WHAT THE EXERCISE ASKS >> Lines from the one containing "used 2021 Chevrolet" through the last one in the data below: write them out word for word, and only them.

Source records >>
Segment Open
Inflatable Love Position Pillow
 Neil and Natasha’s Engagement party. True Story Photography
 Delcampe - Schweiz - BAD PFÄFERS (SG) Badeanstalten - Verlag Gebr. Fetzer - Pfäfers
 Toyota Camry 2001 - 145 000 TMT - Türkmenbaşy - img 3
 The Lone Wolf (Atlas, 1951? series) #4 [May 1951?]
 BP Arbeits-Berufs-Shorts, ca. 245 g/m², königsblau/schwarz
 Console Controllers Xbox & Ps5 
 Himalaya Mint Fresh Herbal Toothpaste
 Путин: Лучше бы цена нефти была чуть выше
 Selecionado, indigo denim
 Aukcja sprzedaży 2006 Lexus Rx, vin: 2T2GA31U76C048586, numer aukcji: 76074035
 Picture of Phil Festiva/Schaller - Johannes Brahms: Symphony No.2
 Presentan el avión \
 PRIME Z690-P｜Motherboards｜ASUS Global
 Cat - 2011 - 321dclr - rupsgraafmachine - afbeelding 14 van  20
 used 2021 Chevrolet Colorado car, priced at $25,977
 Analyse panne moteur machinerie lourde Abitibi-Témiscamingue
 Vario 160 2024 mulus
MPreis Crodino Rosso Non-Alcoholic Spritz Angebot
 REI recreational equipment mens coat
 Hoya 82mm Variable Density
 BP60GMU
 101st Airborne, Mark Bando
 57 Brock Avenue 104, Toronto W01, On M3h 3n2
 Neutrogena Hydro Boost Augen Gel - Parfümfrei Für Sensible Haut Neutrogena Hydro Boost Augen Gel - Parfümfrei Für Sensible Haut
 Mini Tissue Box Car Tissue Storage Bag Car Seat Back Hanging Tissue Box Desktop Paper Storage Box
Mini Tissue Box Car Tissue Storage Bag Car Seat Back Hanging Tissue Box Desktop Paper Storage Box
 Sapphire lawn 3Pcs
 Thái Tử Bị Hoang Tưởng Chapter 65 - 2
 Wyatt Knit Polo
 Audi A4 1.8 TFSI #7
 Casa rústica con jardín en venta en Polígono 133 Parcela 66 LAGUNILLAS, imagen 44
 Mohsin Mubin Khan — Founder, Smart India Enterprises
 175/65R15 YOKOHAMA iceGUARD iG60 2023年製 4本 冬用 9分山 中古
Segment Closed
ANSWER TO THIS PROBLEM >>
 used 2021 Chevrolet Colorado car, priced at $25,977
 Analyse panne moteur machinerie lourde Abitibi-Témiscamingue
 Vario 160 2024 mulus
MPreis Crodino Rosso Non-Alcoholic Spritz Angebot
 REI recreational equipment mens coat
 Hoya 82mm Variable Density
 BP60GMU
 101st Airborne, Mark Bando
 57 Brock Avenue 104, Toronto W01, On M3h 3n2
 Neutrogena Hydro Boost Augen Gel - Parfümfrei Für Sensible Haut Neutrogena Hydro Boost Augen Gel - Parfümfrei Für Sensible Haut
 Mini Tissue Box Car Tissue Storage Bag Car Seat Back Hanging Tissue Box Desktop Paper Storage Box
Mini Tissue Box Car Tissue Storage Bag Car Seat Back Hanging Tissue Box Desktop Paper Storage Box
 Sapphire lawn 3Pcs
 Thái Tử Bị Hoang Tưởng Chapter 65 - 2
 Wyatt Knit Polo
 Audi A4 1.8 TFSI #7
 Casa rústica con jardín en venta en Polígono 133 Parcela 66 LAGUNILLAS, imagen 44
 Mohsin Mubin Khan — Founder, Smart India Enterprises
 175/65R15 YOKOHAMA iceGUARD iG60 2023年製 4本 冬用 9分山 中古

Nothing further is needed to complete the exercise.